(Caption-style text data)
⁂

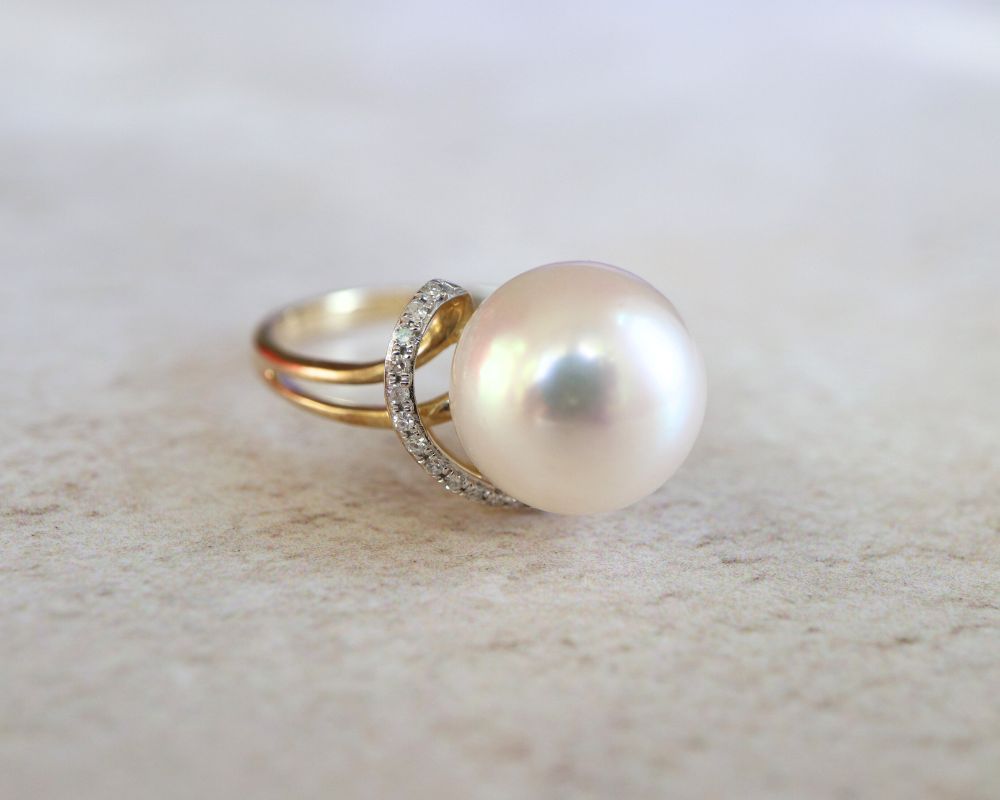 9ct Gold Freshwater Pearl and Diamond Ring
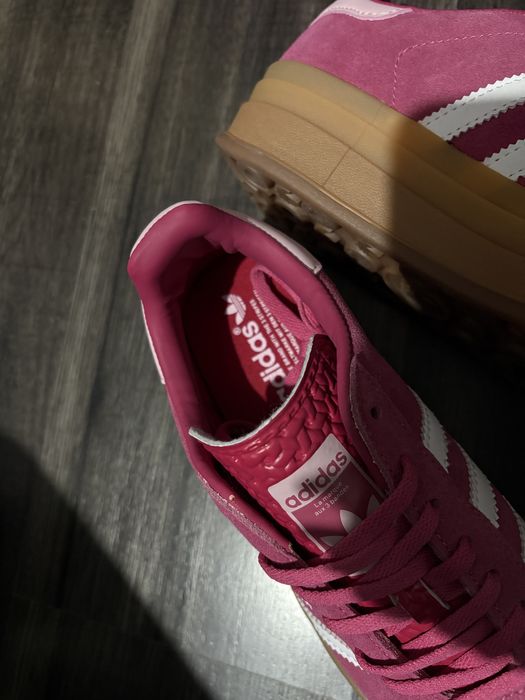 Adidas gazelle bold розови
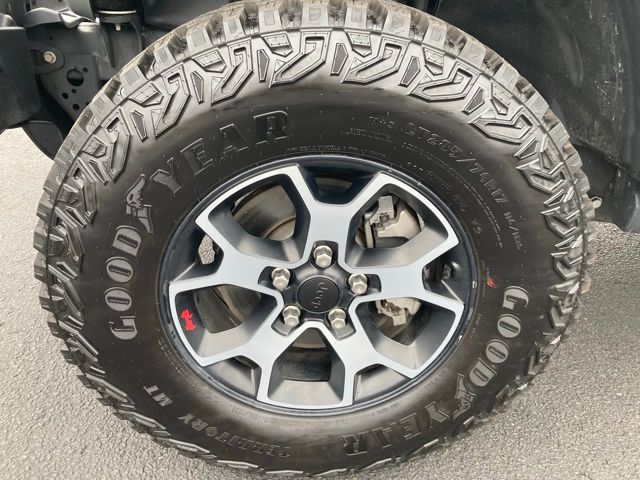 2023 Jeep Wrangler 2-Door Rubicon - Photo 13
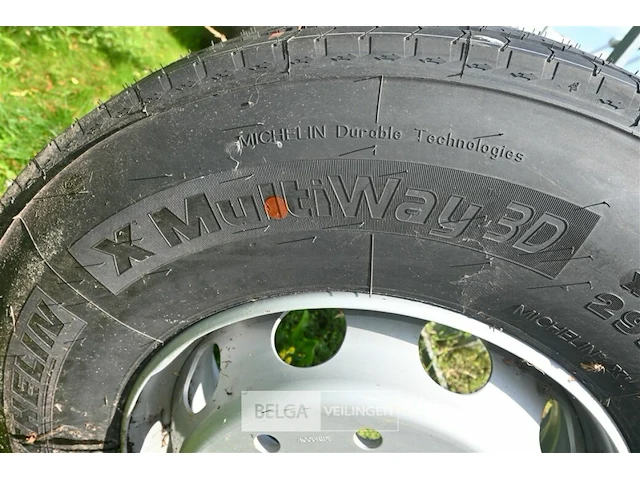 2 x michelin vrachtwagenband + velg - afbeelding 5 van  7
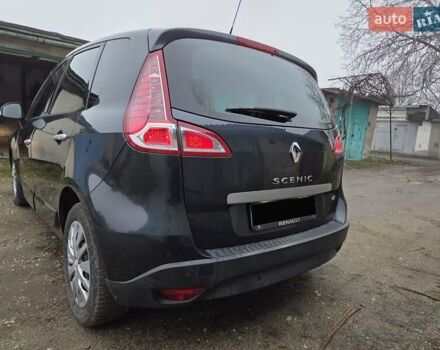Серый Рено Сценик, объемом двигателя 1.5 л и пробегом 145 тыс. км за 8100 $, фото 4 на Automoto.ua
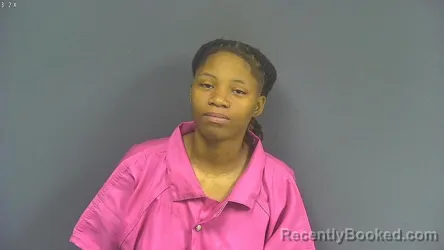 Mugshot of MASHONTIARA TIARAINAYE DAVIS booked in DeSoto County, Mississippi on June 12, 2026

⁂

Your task is to retype the lines running from the one that contains "2023 Jeep Wrangler 2-Door Rubicon - Photo 13" through the end of the records, and nothing else. Pictures are not part of the copy.

 2023 Jeep Wrangler 2-Door Rubicon - Photo 13
 2 x michelin vrachtwagenband + velg - afbeelding 5 van  7
Серый Рено Сценик, объемом двигателя 1.5 л и пробегом 145 тыс. км за 8100 $, фото 4 на Automoto.ua
 Mugshot of MASHONTIARA TIARAINAYE DAVIS booked in DeSoto County, Mississippi on June 12, 2026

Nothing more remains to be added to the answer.